__Task goal__.
Without copying any picture, transcribe exactly the lines of the data below from the one containing "白色手机，黑屏。图片下载" through the one containing "今晨亚特兰大调整名单以备社区".

__The input__.
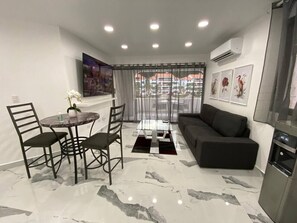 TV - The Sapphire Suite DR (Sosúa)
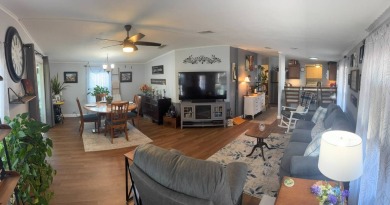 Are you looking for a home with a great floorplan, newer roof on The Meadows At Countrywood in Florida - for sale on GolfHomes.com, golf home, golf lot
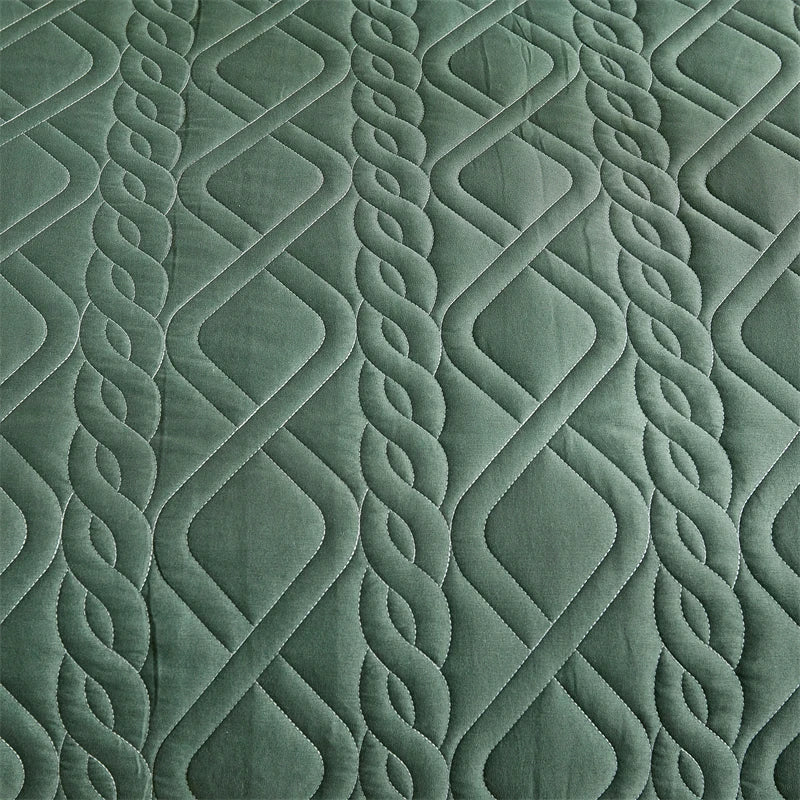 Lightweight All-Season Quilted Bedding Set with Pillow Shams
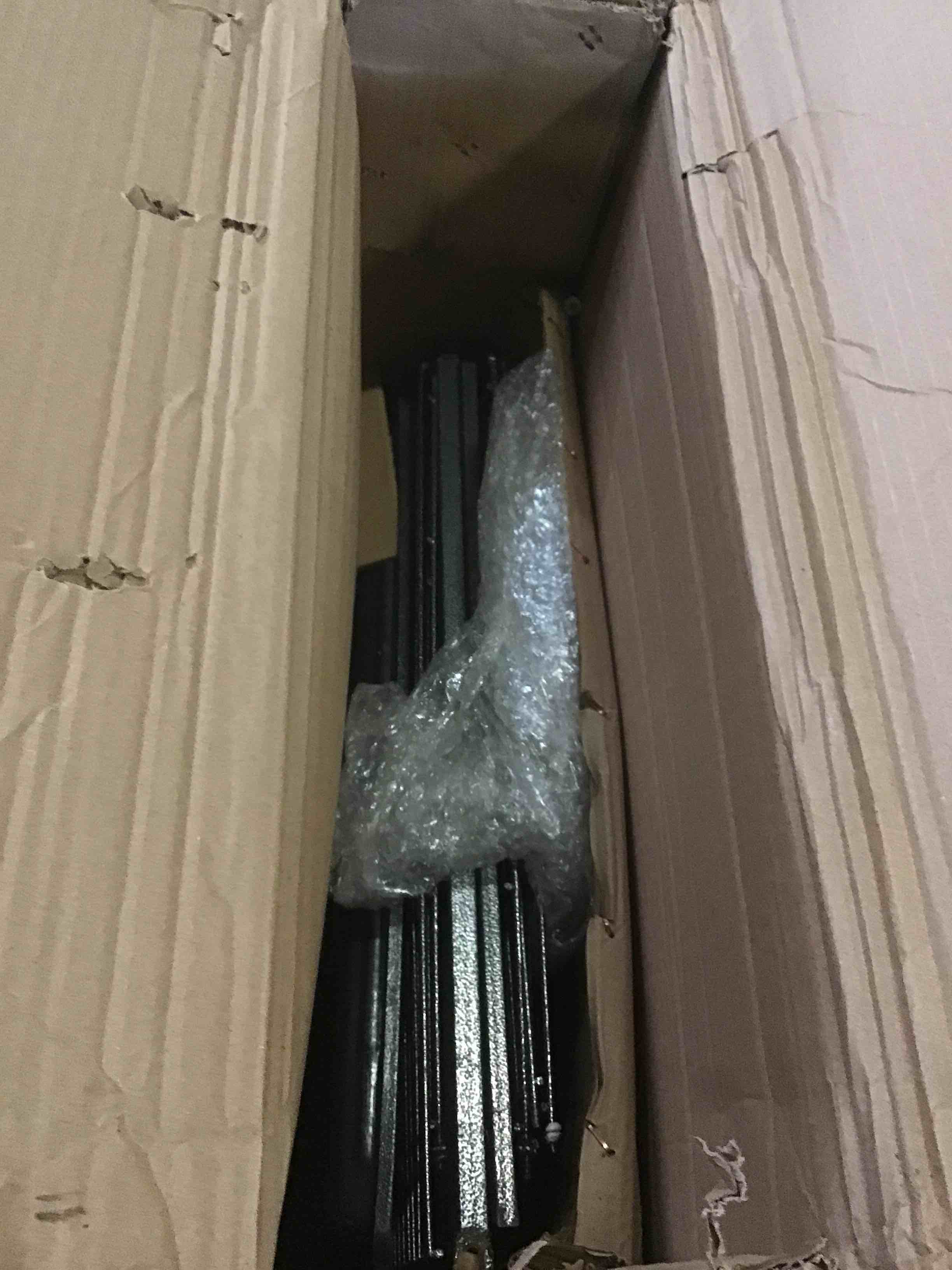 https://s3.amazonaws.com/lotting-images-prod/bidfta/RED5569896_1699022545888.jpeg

--

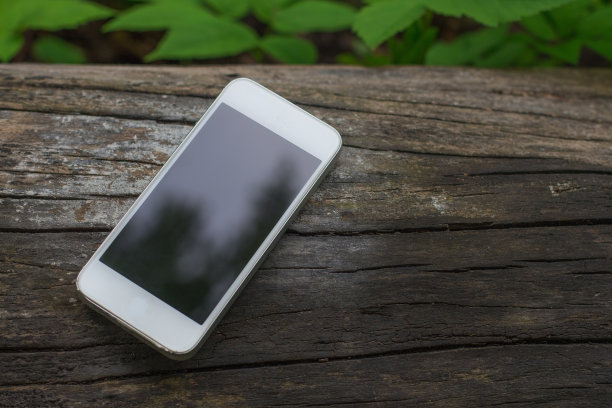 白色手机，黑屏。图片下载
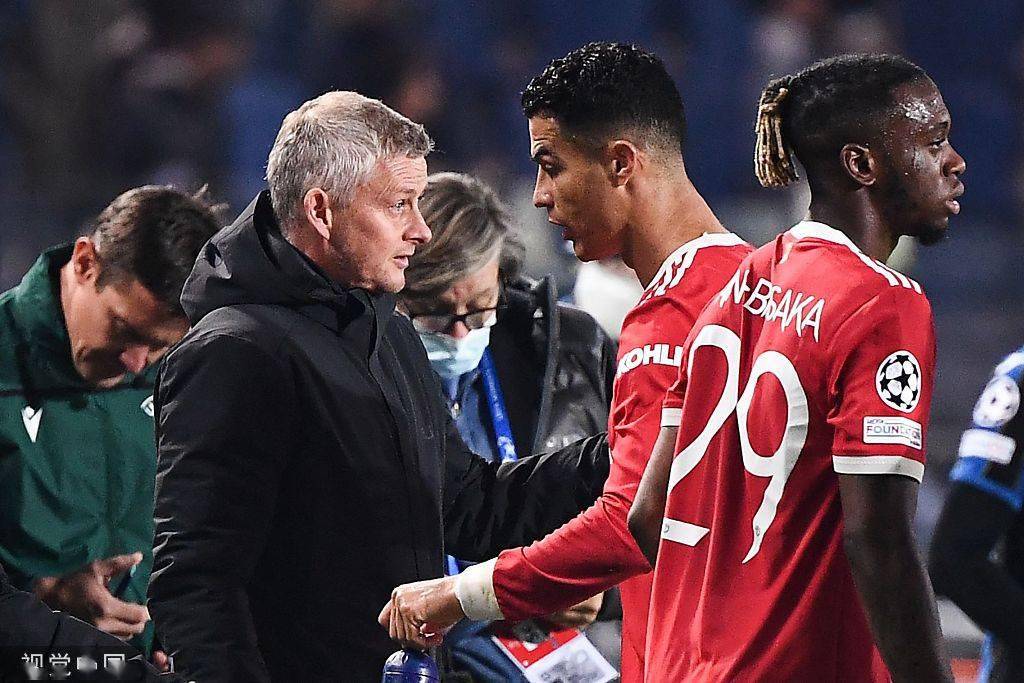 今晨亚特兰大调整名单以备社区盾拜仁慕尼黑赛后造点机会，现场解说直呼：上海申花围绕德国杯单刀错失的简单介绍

--

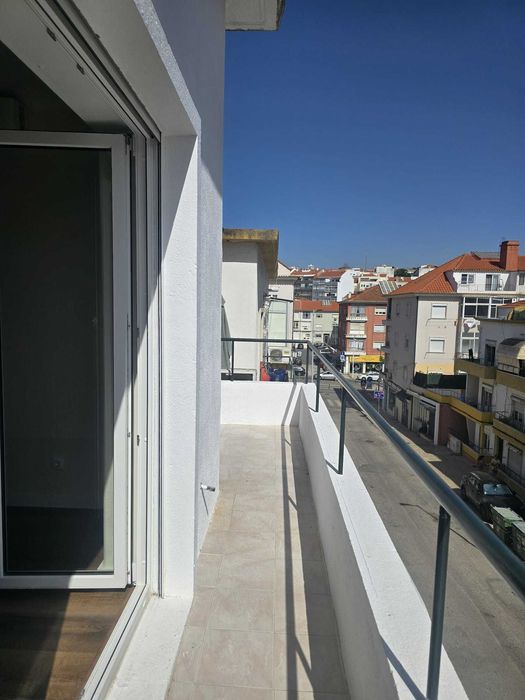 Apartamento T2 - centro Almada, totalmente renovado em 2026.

__Reply to the task__.
 白色手机，黑屏。图片下载
 今晨亚特兰大调整名单以备社区盾拜仁慕尼黑赛后造点机会，现场解说直呼：上海申花围绕德国杯单刀错失的简单介绍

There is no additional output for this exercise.